-- Opening Marker --

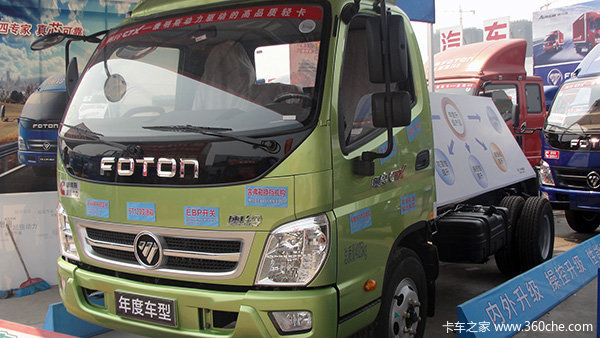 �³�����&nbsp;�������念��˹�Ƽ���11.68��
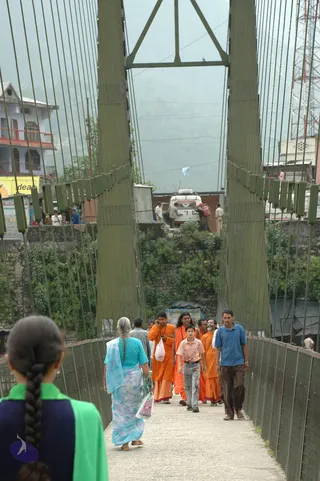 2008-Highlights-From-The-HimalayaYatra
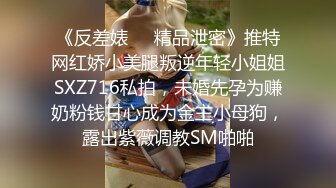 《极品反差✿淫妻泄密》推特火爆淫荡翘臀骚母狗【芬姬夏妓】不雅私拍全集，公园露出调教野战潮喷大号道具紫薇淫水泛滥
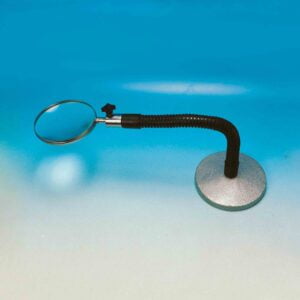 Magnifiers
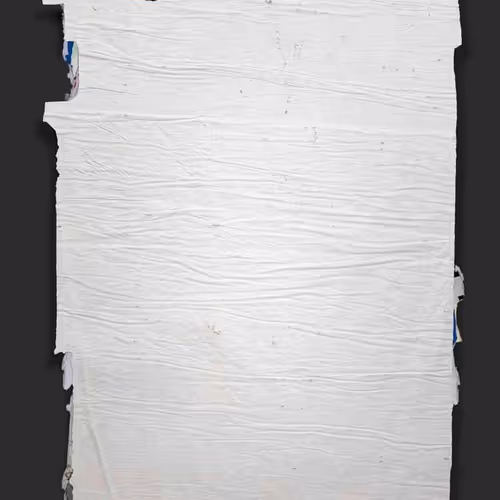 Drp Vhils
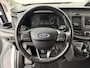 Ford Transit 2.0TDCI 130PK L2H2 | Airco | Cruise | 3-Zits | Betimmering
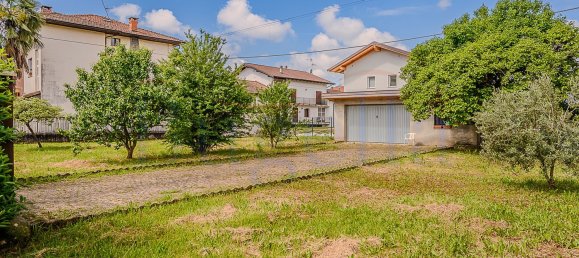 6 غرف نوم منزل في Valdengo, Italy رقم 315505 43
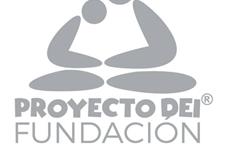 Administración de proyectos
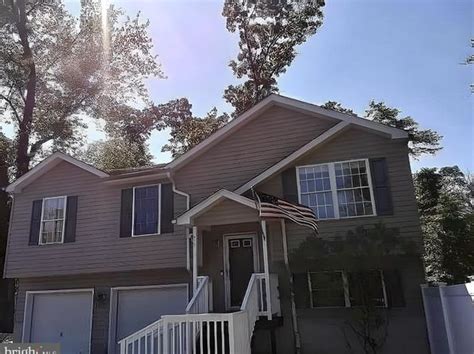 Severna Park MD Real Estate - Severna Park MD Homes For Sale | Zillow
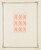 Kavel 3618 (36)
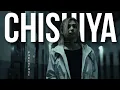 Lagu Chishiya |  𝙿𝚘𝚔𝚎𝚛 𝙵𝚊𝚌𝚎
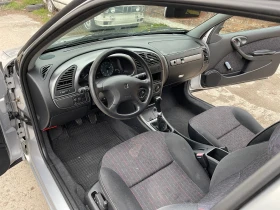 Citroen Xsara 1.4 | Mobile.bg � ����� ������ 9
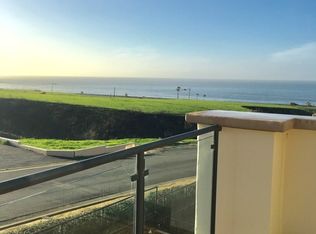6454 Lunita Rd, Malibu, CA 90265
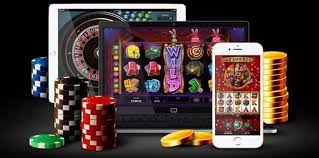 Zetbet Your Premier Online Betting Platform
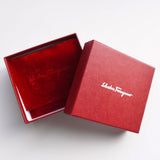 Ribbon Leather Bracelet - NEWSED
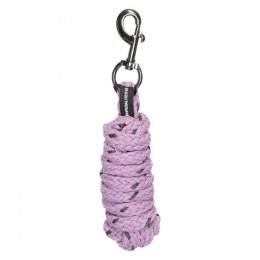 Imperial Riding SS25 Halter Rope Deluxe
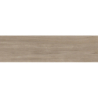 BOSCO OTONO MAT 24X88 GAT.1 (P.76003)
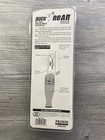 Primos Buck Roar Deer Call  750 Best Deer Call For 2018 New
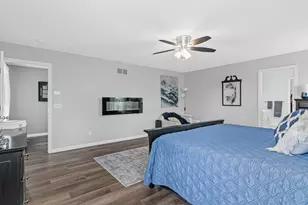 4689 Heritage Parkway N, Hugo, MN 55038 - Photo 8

-- Closing Marker --

■ **Directions**: A faithful copy of the records above, without images, is what to give back.

■ **Exercise output**:
 �³�����&nbsp;�������念��˹�Ƽ���11.68��
 2008-Highlights-From-The-HimalayaYatra
 《极品反差✿淫妻泄密》推特火爆淫荡翘臀骚母狗【芬姬夏妓】不雅私拍全集，公园露出调教野战潮喷大号道具紫薇淫水泛滥
 Magnifiers
 Drp Vhils
 Ford Transit 2.0TDCI 130PK L2H2 | Airco | Cruise | 3-Zits | Betimmering
 6 غرف نوم منزل في Valdengo, Italy رقم 315505 43
 Administración de proyectos
 Severna Park MD Real Estate - Severna Park MD Homes For Sale | Zillow
 Kavel 3618 (36)
 Lagu Chishiya |  𝙿𝚘𝚔𝚎𝚛 𝙵𝚊𝚌𝚎
 Citroen Xsara 1.4 | Mobile.bg � ����� ������ 9
6454 Lunita Rd, Malibu, CA 90265
 Zetbet Your Premier Online Betting Platform
 Ribbon Leather Bracelet - NEWSED
 Imperial Riding SS25 Halter Rope Deluxe
 BOSCO OTONO MAT 24X88 GAT.1 (P.76003)
 Primos Buck Roar Deer Call  750 Best Deer Call For 2018 New
 4689 Heritage Parkway N, Hugo, MN 55038 - Photo 8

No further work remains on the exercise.